Mit einem zeitlichen Sprung in das Mittelalter erzähle ich eine Geschichte, die für die Gestaltung dieses Mahles in der mittelalterlichen Frömmigkeit bedeutsam, aber wenig bekannt ist. Es war die Einrichtung eines „feierliche Festes des heiligen Leibes Christi“. Der Papst Urban IV wollte das Anliegen einer tieferen, innerlichen Frömmigkeit, die sich an der Eucharistie orientierte, aufnehmen. Die Anfrage und den Entwurf für die Feier sandte ihm eine „Laienfrau“ – Juliane von Cornillon in Lüttich, die er von dort her kannte und schätzte. Er schrieb jedoch dem Magister Thomas von Aquin und dieser bereicherte die Feier um wunderschöne, tiefsinnige Poesie zur Verehrung des geweihten Brotes und Weines als des Leibes und Blutes Jesu Christi. Anders als die Laienfrau zentrierte er die Feier jedoch ganz auf die Handlungen durch den Priester, der an die Stelle Christi tritt.

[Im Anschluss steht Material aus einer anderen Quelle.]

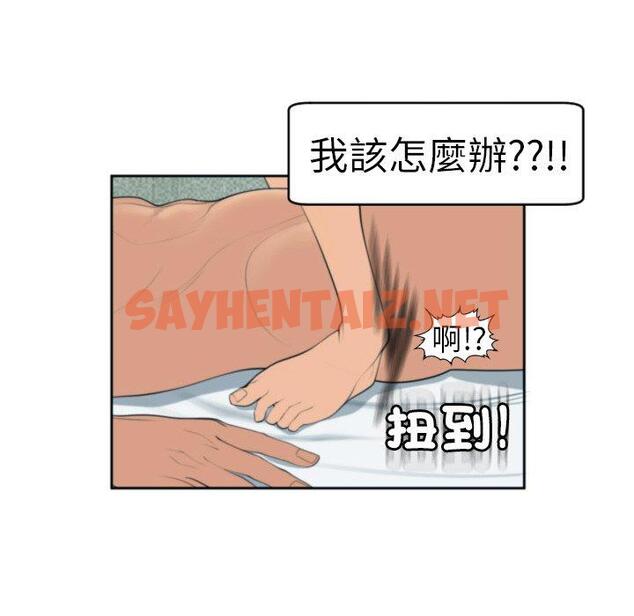 查看漫画現成老爸 - 第24話 - sayhentaiz.net中的1306445图片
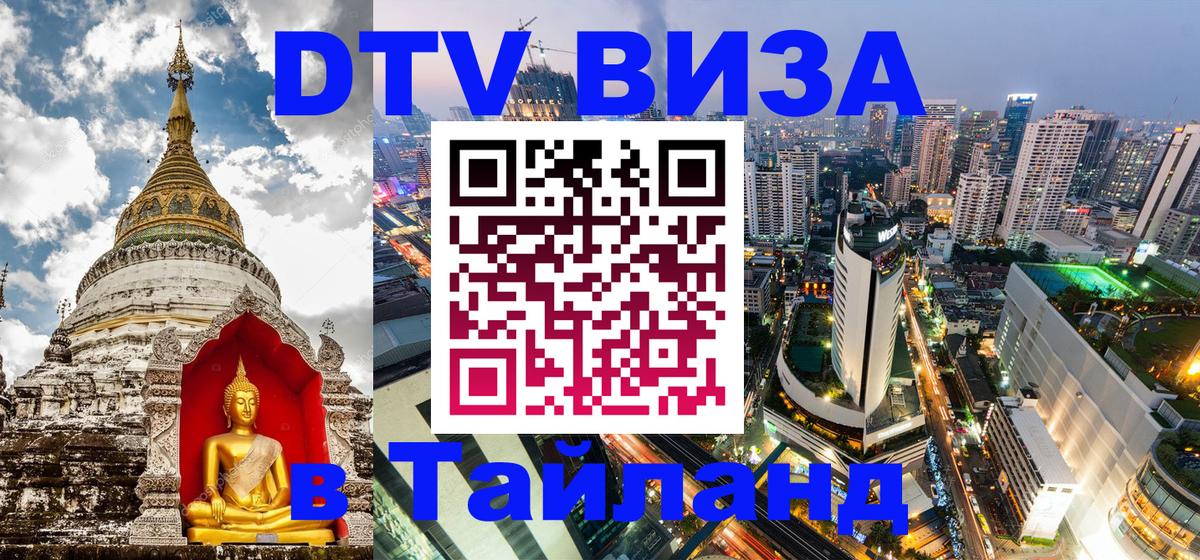 DTV (ДТВ) visa Таиланд Афины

Im rheinischen Raum vergaß man aber das Anliegen der Juliane von Lüttich nicht, das Sakrament näher an die Verehrung der Gläubigen heranzuführen. Daher zog man an dem neuen Festtag in Köln nach der Liturgie in der Kirche mit der Hostie, dem geweihten Brot, dessen Substanz nun Jesus Christus selbst war, nach draußen auf die Straßen und Plätze der Stadt. So wurde das „Fronleichnamsfest“ ein Volksfest. Die Geschichte lässt sich so zusammenfassen: Klerus und Volk wurden unter Kirche, wo der Klerus die Feier dominierte, und Straße „für das Volk“ aufgeteilt.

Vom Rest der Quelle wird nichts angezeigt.